Bon, "La Reine Claude" est le roman qui m'a le moins emballée dans ce qu'a publié Claire Castillon jusqu'à présent. J'étais déçue. Sans doute mon attente était trop grande, puisque j'avais de plus en plus apprécié l'auteur au fur et à mesure que je lisais ses romans. Dans "La Reine Claude" j'ai trouvé que c'était brouillon, confus et presque noir. Proche de la mélancolie et du désespoir. Cette fois-ci, ça semblait terriblement réel. Je n'avais pas l'illusion du second degré, de la subtilité moqueuse qu'elle usait auparavant. Je me suis sentie happée par cette marmelade, la lettre d'une amoureuse pour son homme, présentateur célèbre de tv, qui est atteint d'une tumeur au cerveau. Une lettre d'amour pour un homme qui abuse de son charme télévisuel, ce qui fait souffrir en silence la jeune femme, etc. Bref là j'ai moins adhéré et j'ai été déçue. Sentiment trop proche de la noirceur, d'une descente vers les abîmes, et sensation d'une confusion générale du début à la fin.

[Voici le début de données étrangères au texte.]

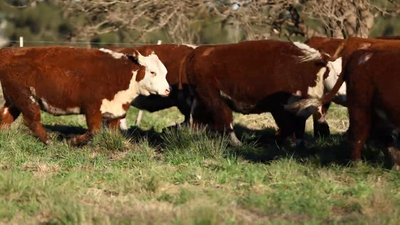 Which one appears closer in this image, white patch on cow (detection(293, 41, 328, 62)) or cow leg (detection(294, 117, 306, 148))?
white patch on cow (detection(293, 41, 328, 62))

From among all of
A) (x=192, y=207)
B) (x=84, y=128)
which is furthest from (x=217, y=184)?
(x=84, y=128)

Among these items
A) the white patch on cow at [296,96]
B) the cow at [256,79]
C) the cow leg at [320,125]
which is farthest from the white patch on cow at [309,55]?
the cow leg at [320,125]

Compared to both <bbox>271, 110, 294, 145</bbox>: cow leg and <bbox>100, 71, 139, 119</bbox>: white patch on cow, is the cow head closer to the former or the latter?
<bbox>100, 71, 139, 119</bbox>: white patch on cow

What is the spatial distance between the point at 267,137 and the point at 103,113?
251cm

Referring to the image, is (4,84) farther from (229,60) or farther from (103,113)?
(229,60)

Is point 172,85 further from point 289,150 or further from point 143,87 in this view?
point 289,150

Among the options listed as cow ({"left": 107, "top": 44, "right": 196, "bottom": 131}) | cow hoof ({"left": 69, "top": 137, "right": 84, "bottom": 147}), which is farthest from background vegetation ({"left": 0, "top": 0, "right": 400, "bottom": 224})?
cow ({"left": 107, "top": 44, "right": 196, "bottom": 131})

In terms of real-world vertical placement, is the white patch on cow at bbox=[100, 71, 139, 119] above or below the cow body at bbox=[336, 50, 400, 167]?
below

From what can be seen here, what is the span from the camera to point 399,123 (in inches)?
272

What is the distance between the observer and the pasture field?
555cm

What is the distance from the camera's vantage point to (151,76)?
1019 cm

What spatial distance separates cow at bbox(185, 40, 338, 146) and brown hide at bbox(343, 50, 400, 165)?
5.39ft

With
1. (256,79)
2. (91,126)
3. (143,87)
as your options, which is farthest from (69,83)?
(256,79)

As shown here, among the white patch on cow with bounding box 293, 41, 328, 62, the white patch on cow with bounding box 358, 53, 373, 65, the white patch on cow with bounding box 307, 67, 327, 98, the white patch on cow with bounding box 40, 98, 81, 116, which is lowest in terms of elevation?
the white patch on cow with bounding box 40, 98, 81, 116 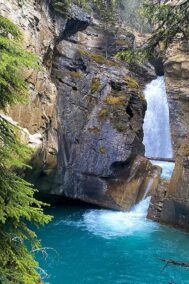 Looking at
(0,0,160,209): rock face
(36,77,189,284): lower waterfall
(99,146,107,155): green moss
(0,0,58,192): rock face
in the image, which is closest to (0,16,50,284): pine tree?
(36,77,189,284): lower waterfall

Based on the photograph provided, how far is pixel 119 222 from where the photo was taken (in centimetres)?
2289

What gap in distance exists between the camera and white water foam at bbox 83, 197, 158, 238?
69.6 ft

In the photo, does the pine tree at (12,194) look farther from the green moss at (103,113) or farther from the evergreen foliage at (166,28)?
the green moss at (103,113)

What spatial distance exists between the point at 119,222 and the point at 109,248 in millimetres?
4200

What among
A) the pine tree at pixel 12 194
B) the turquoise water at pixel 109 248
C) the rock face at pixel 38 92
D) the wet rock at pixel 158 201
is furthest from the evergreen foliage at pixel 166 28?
the wet rock at pixel 158 201

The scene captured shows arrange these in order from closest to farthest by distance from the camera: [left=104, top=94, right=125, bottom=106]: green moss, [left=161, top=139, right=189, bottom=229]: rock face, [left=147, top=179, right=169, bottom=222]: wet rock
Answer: [left=161, top=139, right=189, bottom=229]: rock face → [left=147, top=179, right=169, bottom=222]: wet rock → [left=104, top=94, right=125, bottom=106]: green moss

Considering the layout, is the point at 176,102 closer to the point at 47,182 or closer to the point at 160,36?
the point at 47,182

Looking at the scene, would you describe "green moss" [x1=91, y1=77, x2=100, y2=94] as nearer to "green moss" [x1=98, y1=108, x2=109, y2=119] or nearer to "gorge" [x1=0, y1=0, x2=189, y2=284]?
"gorge" [x1=0, y1=0, x2=189, y2=284]

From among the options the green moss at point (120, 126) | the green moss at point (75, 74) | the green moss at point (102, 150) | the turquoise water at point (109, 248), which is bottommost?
the turquoise water at point (109, 248)

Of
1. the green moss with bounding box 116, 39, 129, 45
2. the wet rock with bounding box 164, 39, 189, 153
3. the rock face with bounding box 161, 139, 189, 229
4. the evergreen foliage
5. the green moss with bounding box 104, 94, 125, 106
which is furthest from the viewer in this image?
the green moss with bounding box 116, 39, 129, 45

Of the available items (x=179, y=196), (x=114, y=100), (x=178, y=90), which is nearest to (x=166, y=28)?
(x=179, y=196)

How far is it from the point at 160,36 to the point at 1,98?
441 cm

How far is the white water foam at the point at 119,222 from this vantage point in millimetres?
21219

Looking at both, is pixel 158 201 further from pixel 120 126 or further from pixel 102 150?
pixel 120 126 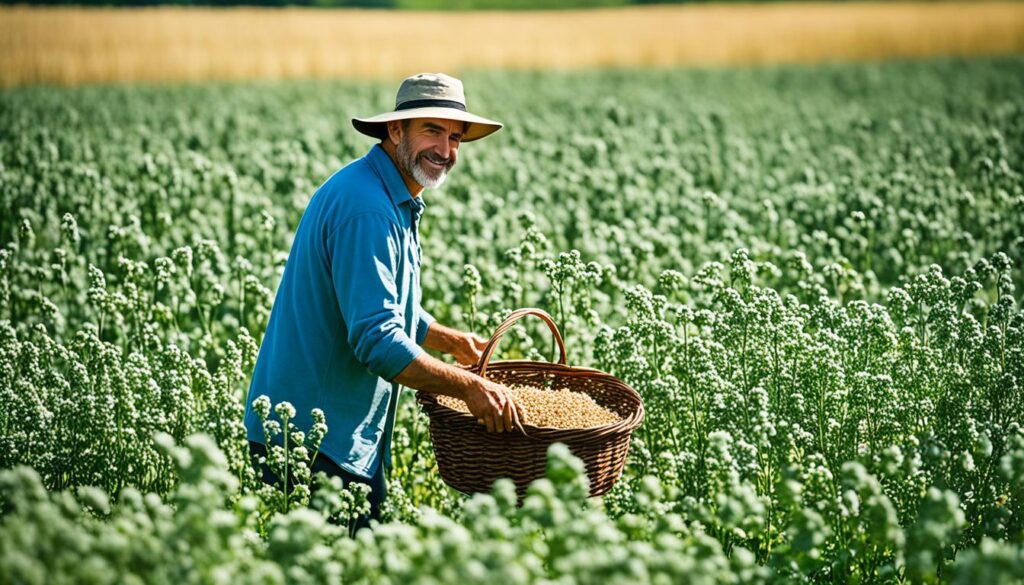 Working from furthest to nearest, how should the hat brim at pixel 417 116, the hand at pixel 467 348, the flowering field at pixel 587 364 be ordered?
the hand at pixel 467 348 → the hat brim at pixel 417 116 → the flowering field at pixel 587 364

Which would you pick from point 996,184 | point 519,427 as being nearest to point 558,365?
point 519,427

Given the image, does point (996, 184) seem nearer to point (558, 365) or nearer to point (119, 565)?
point (558, 365)

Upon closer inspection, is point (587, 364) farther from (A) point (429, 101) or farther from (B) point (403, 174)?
(A) point (429, 101)

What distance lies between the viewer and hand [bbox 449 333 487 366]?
5293 millimetres

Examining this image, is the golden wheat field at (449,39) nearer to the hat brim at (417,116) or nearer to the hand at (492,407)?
the hat brim at (417,116)

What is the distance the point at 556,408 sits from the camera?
16.0 ft

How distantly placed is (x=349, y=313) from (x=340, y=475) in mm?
908

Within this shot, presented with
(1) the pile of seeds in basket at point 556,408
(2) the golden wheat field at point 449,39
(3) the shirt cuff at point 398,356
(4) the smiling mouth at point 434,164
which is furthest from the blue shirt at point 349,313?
(2) the golden wheat field at point 449,39

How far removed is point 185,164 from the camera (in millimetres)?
12688

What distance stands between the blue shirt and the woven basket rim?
0.25 metres

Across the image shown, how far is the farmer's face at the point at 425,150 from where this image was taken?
4.84 m

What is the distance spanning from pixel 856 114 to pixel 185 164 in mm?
14071

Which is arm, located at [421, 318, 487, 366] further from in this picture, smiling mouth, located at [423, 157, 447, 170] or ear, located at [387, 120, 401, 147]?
ear, located at [387, 120, 401, 147]

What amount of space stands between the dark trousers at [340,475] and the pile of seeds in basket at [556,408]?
609 mm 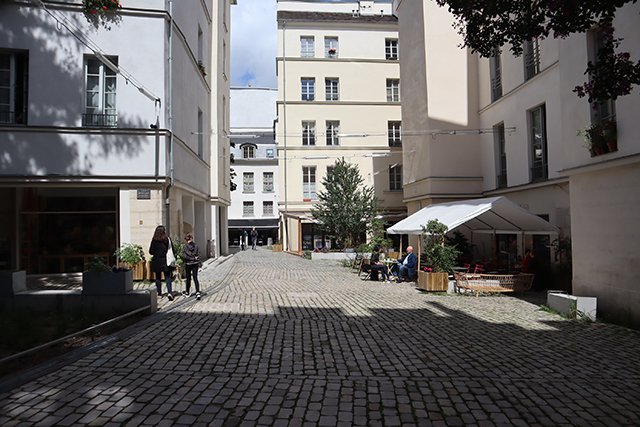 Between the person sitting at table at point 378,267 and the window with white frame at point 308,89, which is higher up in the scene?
the window with white frame at point 308,89

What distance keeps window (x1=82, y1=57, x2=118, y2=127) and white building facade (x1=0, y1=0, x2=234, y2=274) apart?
27mm

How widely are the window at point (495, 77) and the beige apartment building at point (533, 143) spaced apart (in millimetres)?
42

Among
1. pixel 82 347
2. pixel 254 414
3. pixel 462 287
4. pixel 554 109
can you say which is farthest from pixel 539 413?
Answer: pixel 554 109

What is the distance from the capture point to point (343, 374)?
492 cm

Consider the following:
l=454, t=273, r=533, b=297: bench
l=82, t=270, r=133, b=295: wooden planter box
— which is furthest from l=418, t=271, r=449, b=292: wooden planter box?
l=82, t=270, r=133, b=295: wooden planter box

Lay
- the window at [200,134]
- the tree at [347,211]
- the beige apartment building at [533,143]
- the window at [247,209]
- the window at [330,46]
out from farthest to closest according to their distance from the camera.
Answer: the window at [247,209]
the window at [330,46]
the tree at [347,211]
the window at [200,134]
the beige apartment building at [533,143]

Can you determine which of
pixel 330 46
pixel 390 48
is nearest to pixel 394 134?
pixel 390 48

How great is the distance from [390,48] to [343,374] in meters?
30.6

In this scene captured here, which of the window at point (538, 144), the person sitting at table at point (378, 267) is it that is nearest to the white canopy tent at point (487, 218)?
the person sitting at table at point (378, 267)

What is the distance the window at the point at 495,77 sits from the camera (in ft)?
56.4

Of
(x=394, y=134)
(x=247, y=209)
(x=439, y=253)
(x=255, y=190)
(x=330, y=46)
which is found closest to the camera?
(x=439, y=253)

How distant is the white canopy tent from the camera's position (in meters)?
12.0

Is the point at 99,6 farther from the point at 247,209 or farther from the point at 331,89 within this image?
the point at 247,209

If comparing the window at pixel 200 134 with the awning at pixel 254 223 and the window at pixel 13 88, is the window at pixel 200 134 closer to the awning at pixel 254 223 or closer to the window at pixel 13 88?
the window at pixel 13 88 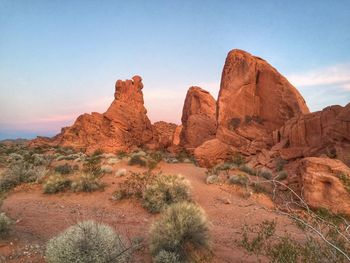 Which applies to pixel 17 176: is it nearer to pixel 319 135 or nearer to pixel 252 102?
pixel 319 135

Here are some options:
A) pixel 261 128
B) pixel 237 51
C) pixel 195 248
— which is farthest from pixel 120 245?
pixel 237 51

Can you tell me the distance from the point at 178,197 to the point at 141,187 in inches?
79.1

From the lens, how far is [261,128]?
26.1 metres

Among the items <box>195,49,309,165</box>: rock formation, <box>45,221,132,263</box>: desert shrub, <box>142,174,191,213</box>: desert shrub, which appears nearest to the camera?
<box>45,221,132,263</box>: desert shrub

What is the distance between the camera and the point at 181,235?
5.82m

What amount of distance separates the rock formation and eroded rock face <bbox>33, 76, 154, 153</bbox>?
1434cm

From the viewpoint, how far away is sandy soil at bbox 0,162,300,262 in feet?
18.9

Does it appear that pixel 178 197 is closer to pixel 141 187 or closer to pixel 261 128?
pixel 141 187

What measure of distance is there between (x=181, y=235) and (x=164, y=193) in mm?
4324

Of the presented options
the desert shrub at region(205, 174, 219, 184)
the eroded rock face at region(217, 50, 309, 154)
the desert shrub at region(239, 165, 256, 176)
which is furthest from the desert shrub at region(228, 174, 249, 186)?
the eroded rock face at region(217, 50, 309, 154)

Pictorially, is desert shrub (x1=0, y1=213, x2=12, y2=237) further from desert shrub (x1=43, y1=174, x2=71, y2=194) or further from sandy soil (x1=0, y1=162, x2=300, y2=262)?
desert shrub (x1=43, y1=174, x2=71, y2=194)

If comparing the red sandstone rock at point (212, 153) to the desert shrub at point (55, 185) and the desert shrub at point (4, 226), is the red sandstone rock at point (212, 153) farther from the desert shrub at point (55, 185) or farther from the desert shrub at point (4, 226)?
the desert shrub at point (4, 226)

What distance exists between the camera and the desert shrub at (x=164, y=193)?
9.73 metres

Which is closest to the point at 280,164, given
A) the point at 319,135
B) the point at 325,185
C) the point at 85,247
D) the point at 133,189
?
the point at 319,135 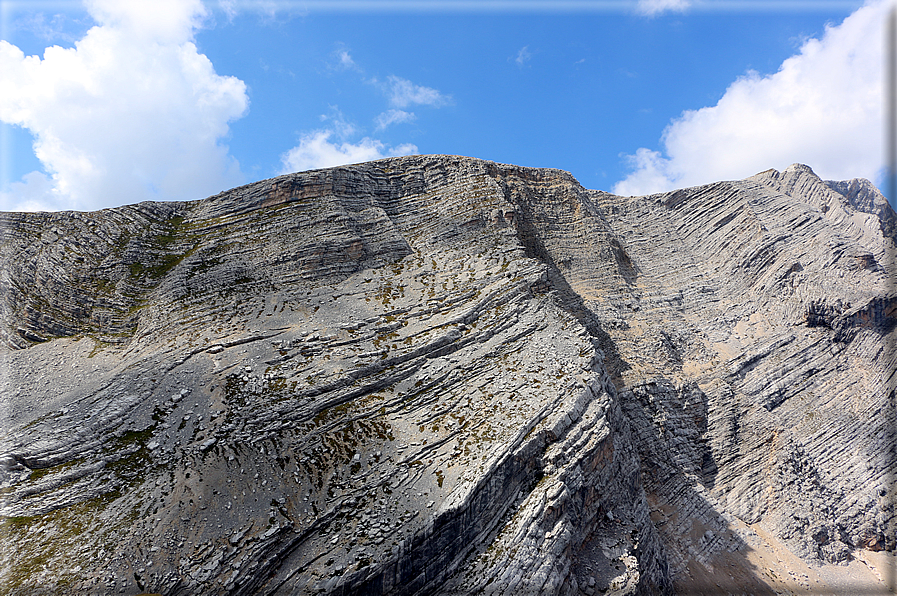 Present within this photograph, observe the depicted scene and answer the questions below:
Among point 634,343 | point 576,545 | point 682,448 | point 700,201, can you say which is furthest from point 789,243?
point 576,545

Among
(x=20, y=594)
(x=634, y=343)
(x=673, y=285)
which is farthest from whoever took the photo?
(x=673, y=285)

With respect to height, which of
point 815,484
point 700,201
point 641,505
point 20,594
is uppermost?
point 700,201

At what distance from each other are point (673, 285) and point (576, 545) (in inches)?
1332

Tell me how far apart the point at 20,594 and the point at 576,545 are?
2489cm

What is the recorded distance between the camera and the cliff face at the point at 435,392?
19906 mm

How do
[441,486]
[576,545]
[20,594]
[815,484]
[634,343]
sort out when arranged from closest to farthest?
1. [20,594]
2. [441,486]
3. [576,545]
4. [815,484]
5. [634,343]

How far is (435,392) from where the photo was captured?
26406 mm

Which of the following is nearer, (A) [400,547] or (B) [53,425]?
(A) [400,547]

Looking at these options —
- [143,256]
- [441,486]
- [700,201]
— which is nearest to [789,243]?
[700,201]

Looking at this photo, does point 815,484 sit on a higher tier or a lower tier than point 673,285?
lower

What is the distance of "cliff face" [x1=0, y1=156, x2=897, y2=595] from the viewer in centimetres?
1991

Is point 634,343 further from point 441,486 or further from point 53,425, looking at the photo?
point 53,425

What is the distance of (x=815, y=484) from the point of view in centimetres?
3553

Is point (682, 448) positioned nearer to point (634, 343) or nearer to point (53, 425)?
point (634, 343) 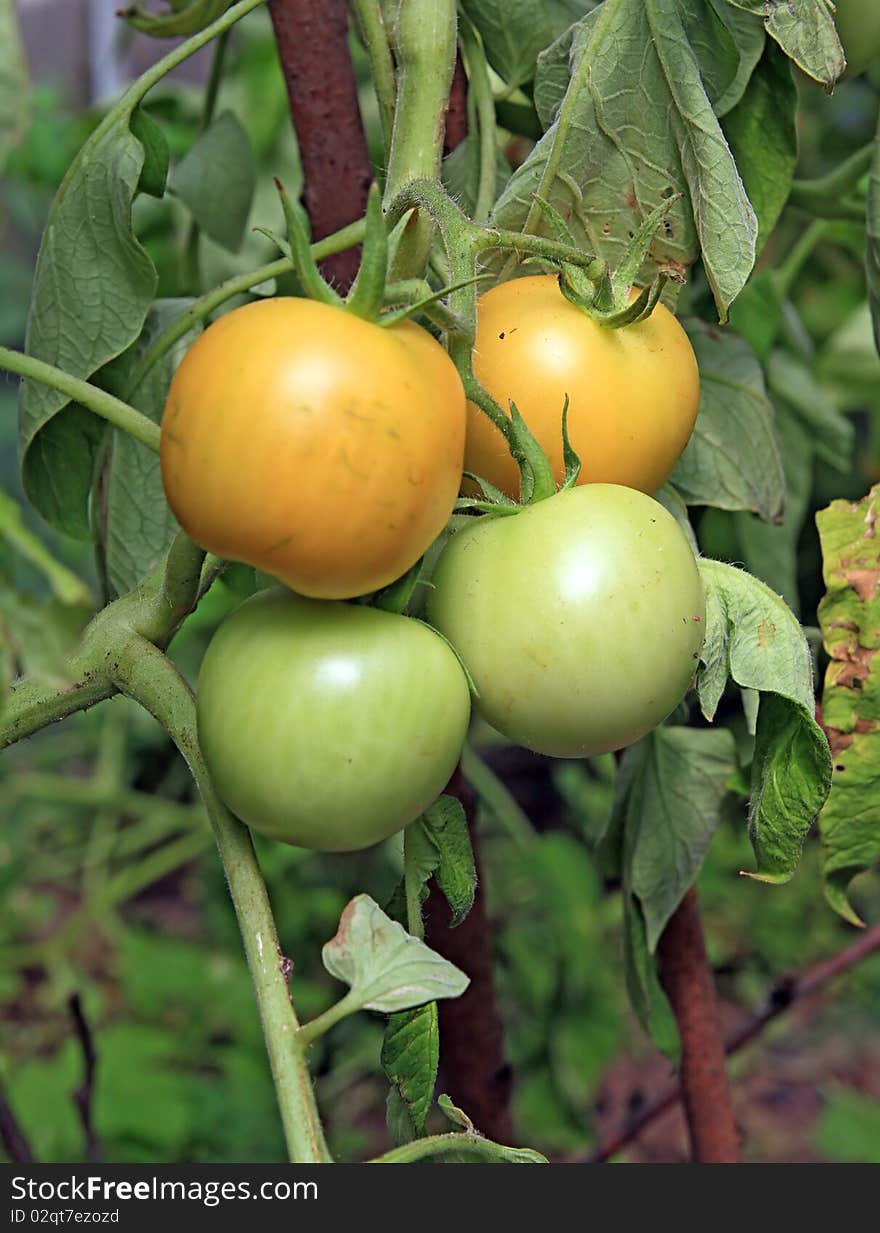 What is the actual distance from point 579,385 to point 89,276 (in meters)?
0.23

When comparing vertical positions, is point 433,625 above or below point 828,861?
above

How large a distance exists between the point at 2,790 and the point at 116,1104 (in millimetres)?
532

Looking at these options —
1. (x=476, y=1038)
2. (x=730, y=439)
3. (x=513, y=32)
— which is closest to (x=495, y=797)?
(x=476, y=1038)

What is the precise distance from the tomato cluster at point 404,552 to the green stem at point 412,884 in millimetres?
69

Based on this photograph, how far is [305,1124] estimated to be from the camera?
0.39 m

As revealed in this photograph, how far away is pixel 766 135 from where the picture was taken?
554 millimetres

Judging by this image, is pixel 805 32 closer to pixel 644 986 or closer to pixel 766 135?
pixel 766 135

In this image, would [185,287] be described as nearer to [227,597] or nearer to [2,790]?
[227,597]

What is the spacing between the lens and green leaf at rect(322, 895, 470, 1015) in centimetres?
40

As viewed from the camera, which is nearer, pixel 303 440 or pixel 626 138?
pixel 303 440

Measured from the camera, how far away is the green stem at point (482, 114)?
0.57m

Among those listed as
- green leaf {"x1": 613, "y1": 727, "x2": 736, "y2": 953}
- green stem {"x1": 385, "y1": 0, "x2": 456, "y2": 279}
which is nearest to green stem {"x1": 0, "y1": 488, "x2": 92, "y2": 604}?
green stem {"x1": 385, "y1": 0, "x2": 456, "y2": 279}

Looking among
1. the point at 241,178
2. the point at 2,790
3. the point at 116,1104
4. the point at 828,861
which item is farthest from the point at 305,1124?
the point at 2,790

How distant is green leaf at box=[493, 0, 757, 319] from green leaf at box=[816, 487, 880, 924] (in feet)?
0.42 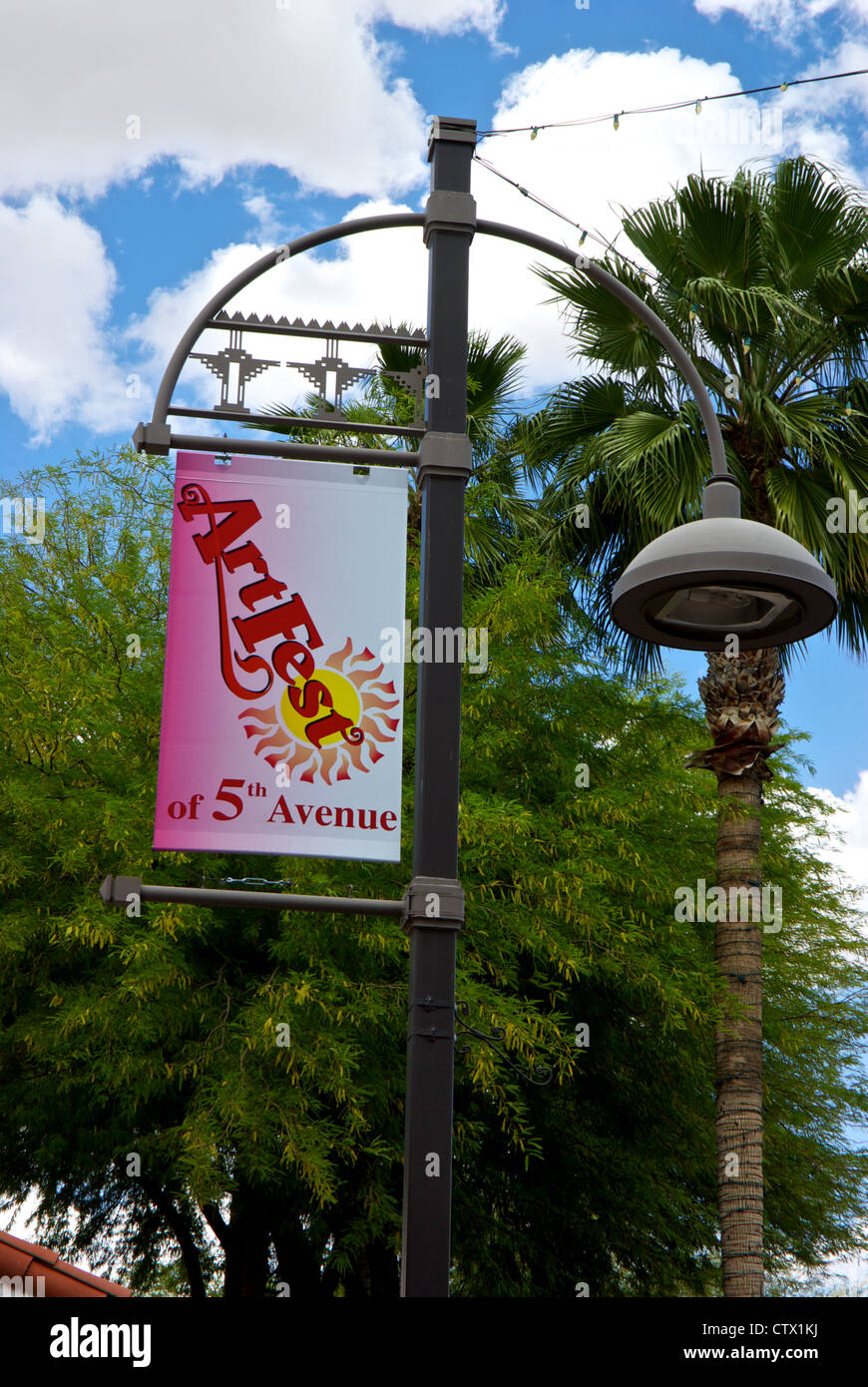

Bref ... Après ce roman, Claire Castillon quittait les éditions Anne Carrière pour signer chez Fayard où elle produira l'excellentissime "Pourquoi tu m'aimes pas?" !

Comme toujours chez Claire Castillon, le style est cruel, jamais pathétique, les personnages sont des êtres vicieux, mais jamais tordus. Ici, le héros est donc vicieux, cruel, intelligent.. bref une tête à claque très attachante. Pour lui, l'amour coule de source. Couvé par sa mère depuis son enfance, il n'accepte pas d'être bafoué par son père et décide de se venger. Mine de rien. Pris dans l'engrenage, il va grandir en croyant pour acquis l'amour d'une jeune fille, qui bien sûr ne l'aime pas. Mais pour notre héros, c'est impensable... Un roman dérisoire, cruel mais assez drôle ! Qu'on aime ou pas, ça vaut le coup d'oeil !

"Vous parler d'elle", c'est parler d'une jeune fille sans nom, qui parle d'elle à la première personne. C'est une enfant qui se réfugie sous le toit de sa maison, sous le toit de son enfance. De là, elle se cache et guette les bruits dans la maison. Et tour à tour elle va dégainer une litanie de souvenirs, de désordres réels ou imaginaires, de songes, de désespoirs. Bref, on ne sait plus trop si l'on est dans le vrai ou l'irréel. C'est ça le problème. Cette jeune fille parle de sa famille : une maman chérie qui travaille à la pharmacie, en habit de bourgeoise et les ongles peints de vernis. Un papa que sa soeur et elle se disputent l'amour absolu. Un petit frère qui souffre d'une paralysie du palais et ne peut plus parler pendant des années. Et puis il y a aussi les amours, essentiellement le Menteur. Et de cet homme, elle souhaiterait s'en débarrasser, régler ses comptes et se montrer la plus forte.C'est bizarre, à la fois bouleversant et dérangeant. L'univers de Claire Castillon est bizarroïde, on s'aime trop fort, on se venge par coups bas et on se déteste à vie. On ne pardonne rien, jamais, et puis on s'en veut, on supplie d'être pardonné, en rampant. C'est proche de la perversion, mais c'est écrit en toute innocence. Comme si on n'y pouvait rien et qu'il fallait s'en excuser.En somme ce roman, c'est la libération de cette narratrice de ses vieux démons, ses "pouilleries" comme elle dit. Elle les dépose, s'en débarrasse. Trop contente car ils l'habitent depuis trop longtemps. Et trop, c'est trop. Au lecteur, donc, de s'en saisir et de les prendre, les porter, mais ça ne leur ira pas car ce sont celles d'une autre. Evidemment.